[EXTRACTED RECORDS — start]

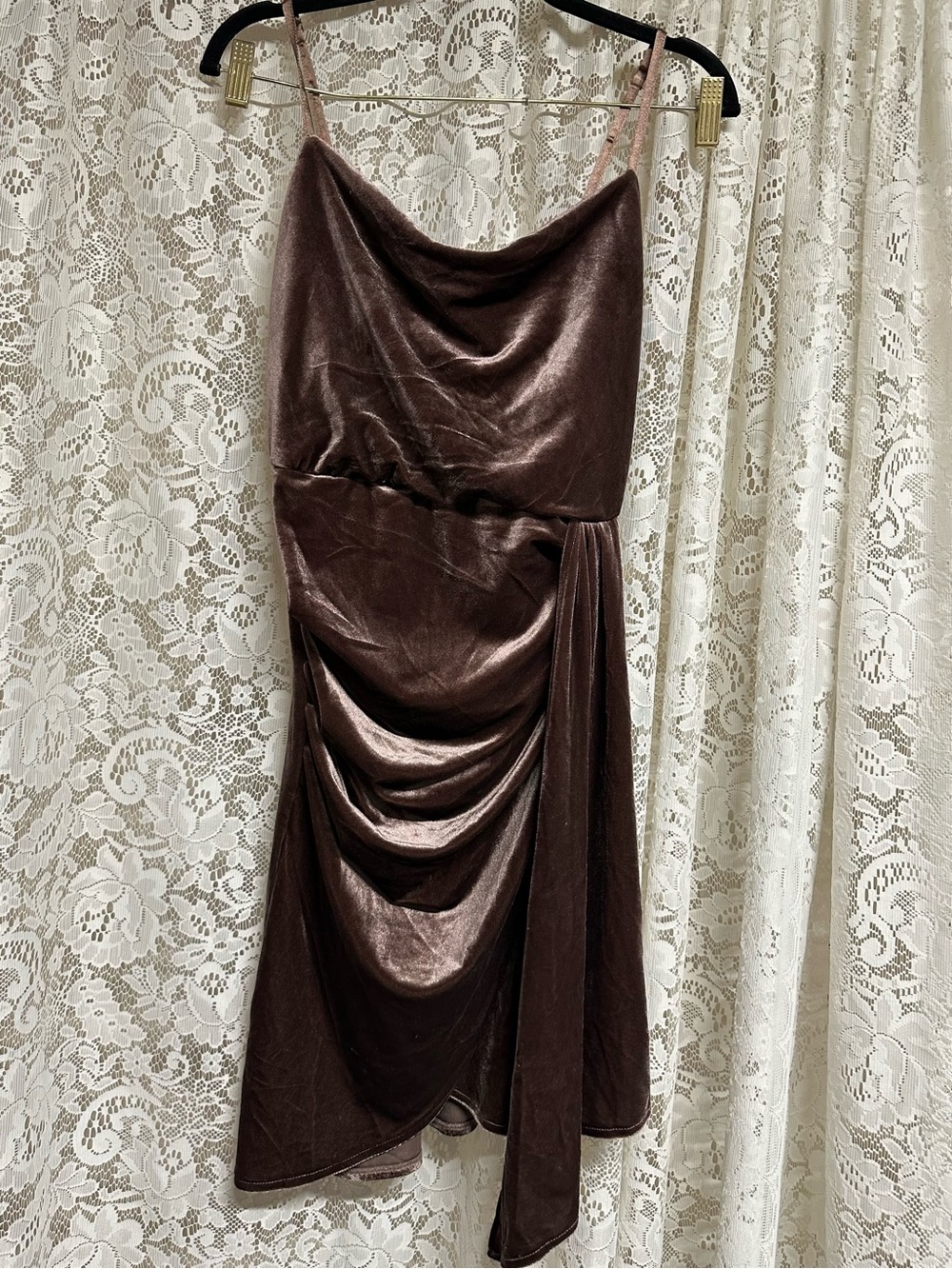 Lulus Leaving It Luxe Taupe Velvet Tulip Mini Dress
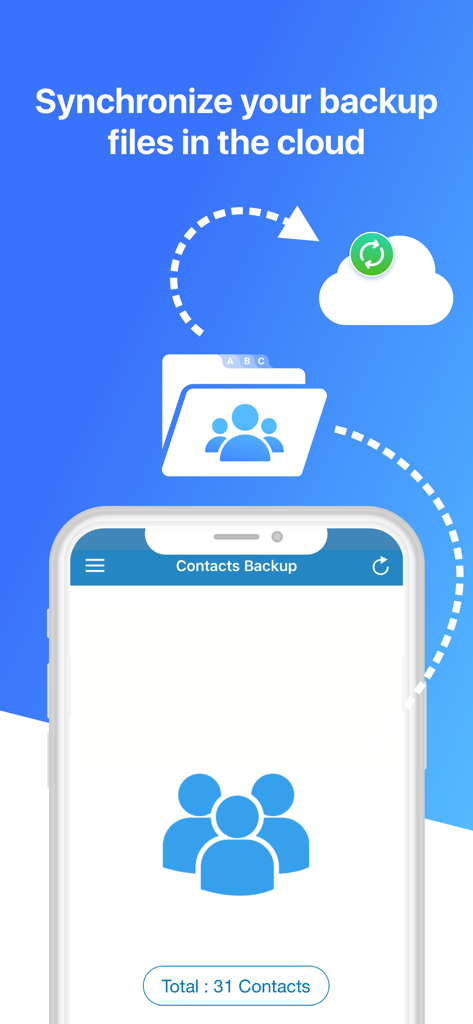 Contacts Backup Pro app interface showing cloud synchronization of contact files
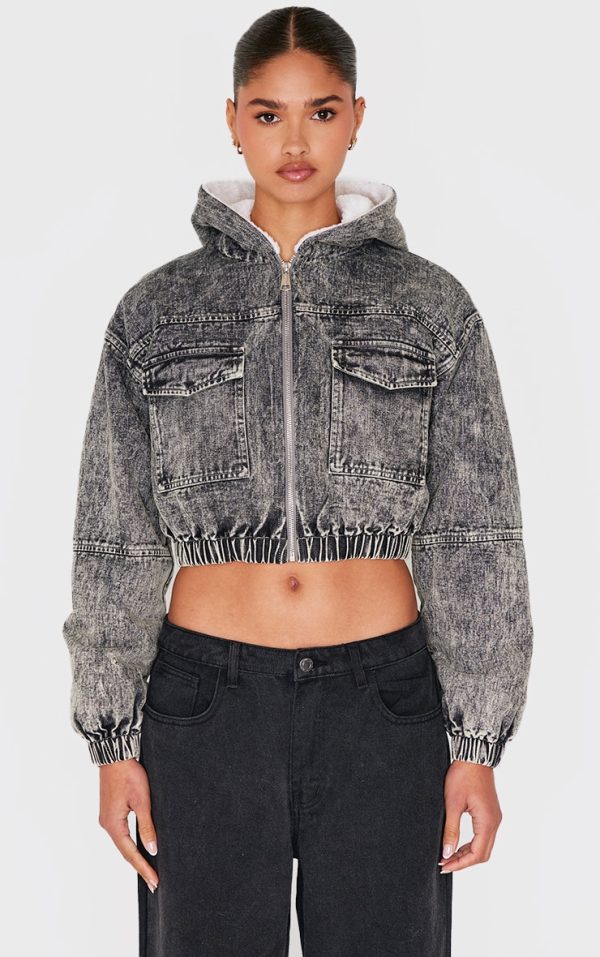 Washed Grey Faux Fur Lined Hood Cropped Denim Jacket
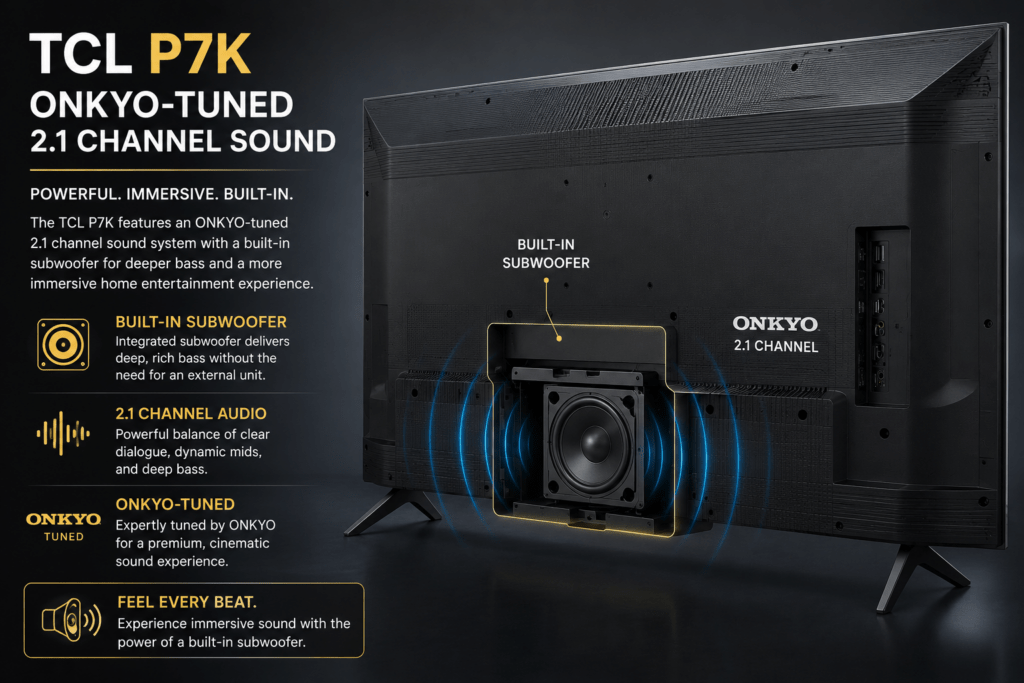 TCL P7K rear view showing ONKYO-tuned 2.1 channel subwoofer speaker setup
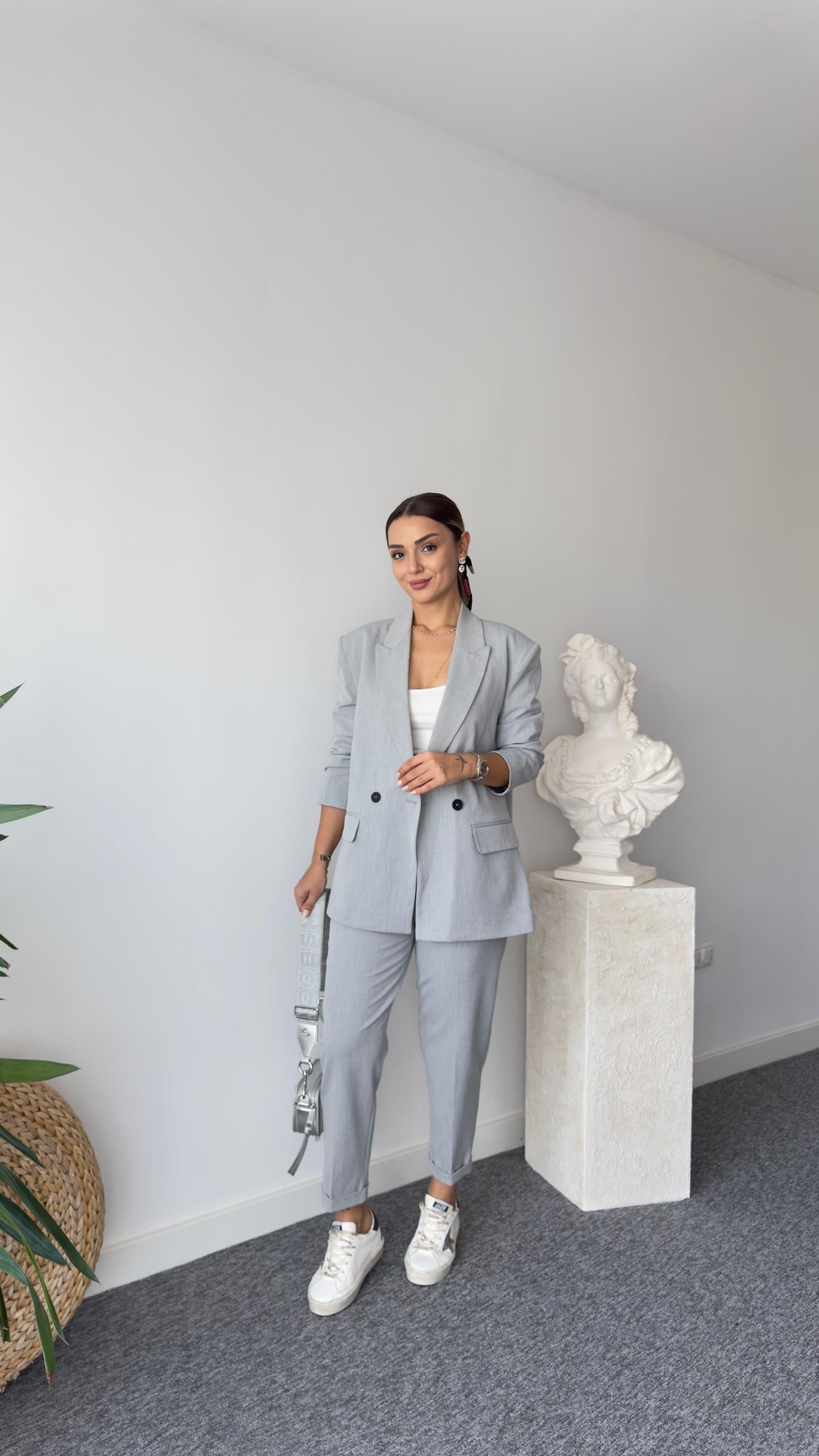 Belize Zra Gri Ceket Pantolon Takım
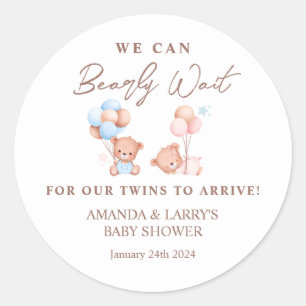 Boy Girl Twins Teddy Bear Baby Shower Classic Round Sticker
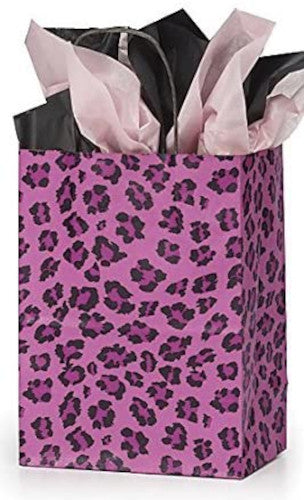 Leopard Medium Paper Shopping Bags in Pink 8 x 4.5 x 10.25 Inches - Case of 100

[EXTRACTED RECORDS — finish]

EXERCISE PROMPT: Write out exactly, please, the lines that start at the one containing "Contacts Backup Pro" and run through the final line of the entries, both included, leaving pictures out.

RESPONSE BELOW:
 Contacts Backup Pro app interface showing cloud synchronization of contact files
 Washed Grey Faux Fur Lined Hood Cropped Denim Jacket
 TCL P7K rear view showing ONKYO-tuned 2.1 channel subwoofer speaker setup
 Belize Zra Gri Ceket Pantolon Takım
 Boy Girl Twins Teddy Bear Baby Shower Classic Round Sticker
 Leopard Medium Paper Shopping Bags in Pink 8 x 4.5 x 10.25 Inches - Case of 100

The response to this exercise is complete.